Today, many indigenous nations (people) whose sacred lands and rivers were occupied and taken away from them centuries ago lament that they have lost the culture, language and customs that should have gone to posterity if their ancestors were left alone.
by Dr. Ruwantissa Abeyratne
Writing from Montreal
Emer Vattel (1714-1767), popularly known as the father of international law, in his book The Law of Nations, says: “ The domain of the nation (nation in international law means people and not a country) extends to everything she possesses by a just title: it comprehends her ancient and original possessions and all her acquisitions made by means which are just in themselves, or admitted as such among nations.”
Illegal land occupation |
This mid eighteenth century statement does not accord with the act of someone marching into land occupied by another and taking over, which is illegal occupation. In the fifteenth century onwards until the twentieth century this was called colonialism where a country which had more power than a people who occupied a certain land forcibly took over that land and controlled it. In North America indigenous people, who had rightful ownership and possession of their land are relentlessly arguing against the arbitrary take over by Christopher Columbus in 1492 when his Spanish-based transatlantic maritime expedition stumbled upon America while on an expedition meant for elsewhere. The justification for this nation-grab was based on an arbitrary edict issued post facto in 1493 by Pope Alexander the Sixth in what was called a Papal Bull which granted to the Catholic Monarchs Ferdinand and Isabella of Spain “all lands to the "west and south" of a pole-to-pole line 100 leagues west and south of any of the islands of the Azores or the Cape Verde islands”. This was followed by another decree by the Pope in 1494 which allocated the West to the Spanish and the East to the Portuguese by the demarcation of a median dividing the East and the west. This explains why most in South America speak Spanish and why the occupation in the sixteenth century by the Portuguese of Ceylon (as Sri Lanka was then) and areas elsewhere such as Macau and Goa still bear remnants of a Portuguese occupation.

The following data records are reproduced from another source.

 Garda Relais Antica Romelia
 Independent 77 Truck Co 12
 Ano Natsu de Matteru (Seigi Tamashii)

This trend is explained by Professor Robert Miller et.al in their book Discovering Indigenous Lands. The authors posit that: “North America, New Zealand, and Australia were colonised by England under an international legal principle that is known today as the doctrine of discovery. When Europeans set out to explore and exploit new lands in the fifteenth through to the twentieth centuries, they justified their sovereign and property claims over these territories and the Indigenous peoples with the discovery doctrine”.

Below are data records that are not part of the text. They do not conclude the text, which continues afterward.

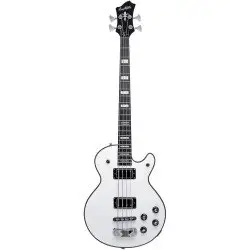 Hagstrom Swede Bass WHT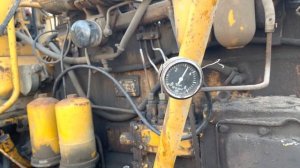 Двигатель Мотор Д180 ЧТЗ Б10М Т-170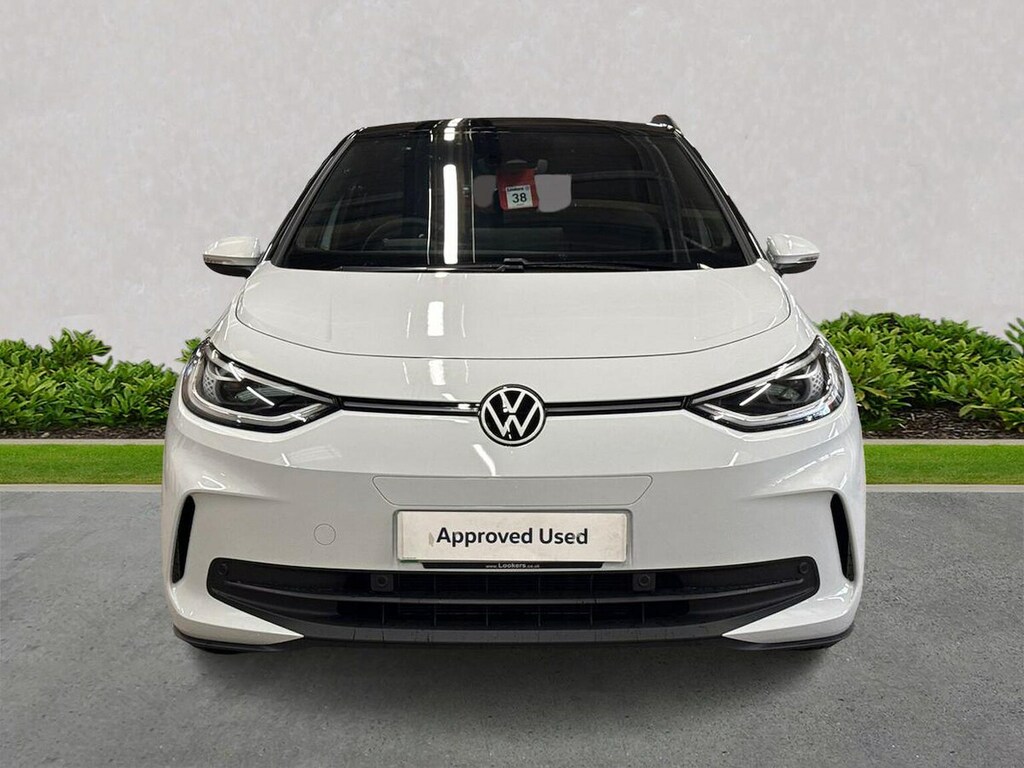 Volkswagen ID.3 150Kw Match Pro S 79Kwh Comfort5st #5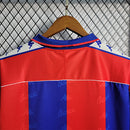 Camisa Barcelona Retrô 1992/1995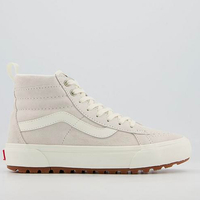 Vans Sk8 Hi MTE Trainers Marshmellow Marshmellow:  was £89.99, now £71.99 at Office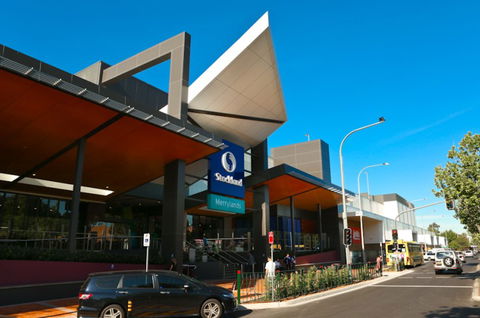 Stockland Merrylands - Accommodation Main Beach 8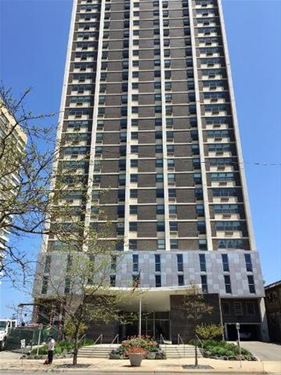 6145 N Sheridan Unit 11D, Chicago, IL 60660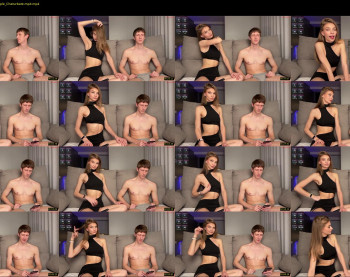 l_0l — 4 minute Chaturbate couple naked cam show, 720p, Feb 13, 2026
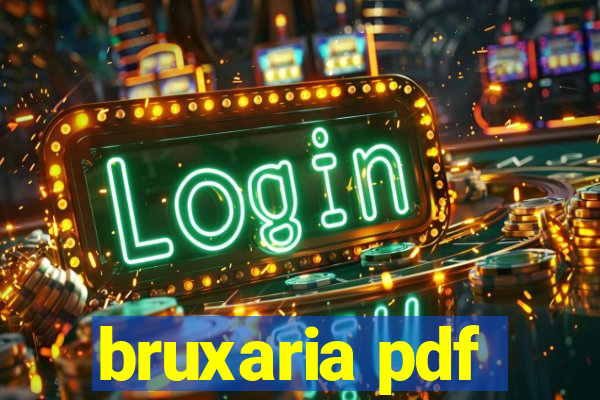 bruxaria pdf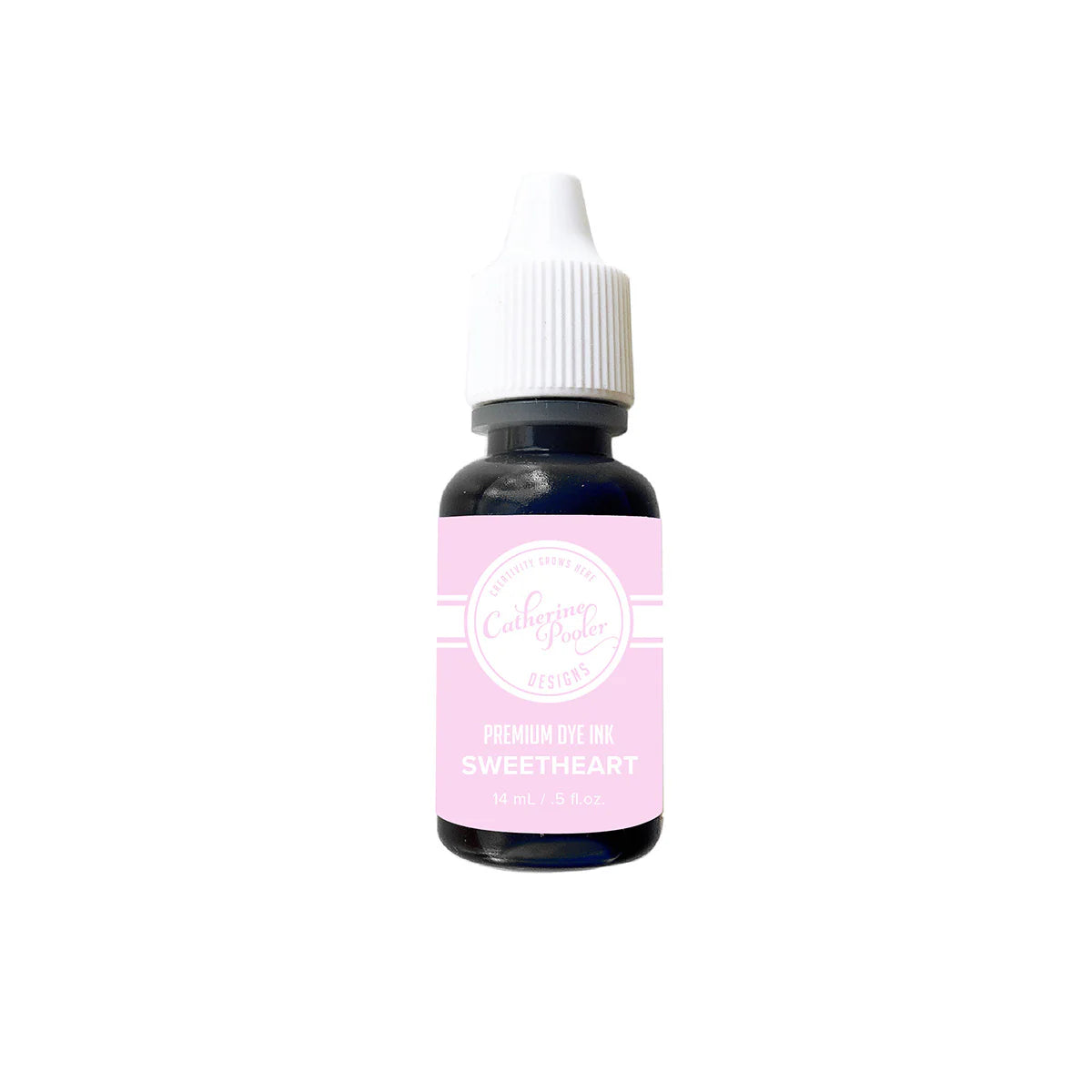 Catherine Pooler - Party Collection - Sweetheart Ink Refill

They continue: “This legal principle was justified by religious and ethnocentric ideas of European and Christian superiority over the other cultures, religions, and races of the world. The doctrine provided that newly-arrived Europeans automatically acquired property rights in the lands of Indigenous peoples and gained political and commercial rights over the inhabitants. The English colonial governments and colonists in North America, New Zealand, and Australia all utilised this doctrine, and still use it today to assert legal rights to Indigenous lands and to assert control over Indigenous peoples”.
The Doctrine of Discovery
The doctrine of discovery was first introduced by Chief Justice Marshall of the United States Supreme Court in the 1823 case of Johnson v. McIntosh. Chief justice Marshall upheld the right of defendant McIntosh’s right of ownership of land purchased from the federal government, on the ground that the federal government owned and controlled the land taken from indigenous people who had only a “right of occupancy” with no title to the land. The reasoning of the Chief Justice was the “Discovery Doctrine,” which, according to the Chief Justice, vested colonial powers with absolute ownership and control to newly discovered land. Simply put, title to the land vested with the person who “discovered” the land, irrespective of who occupied the land at the point of “discovery”.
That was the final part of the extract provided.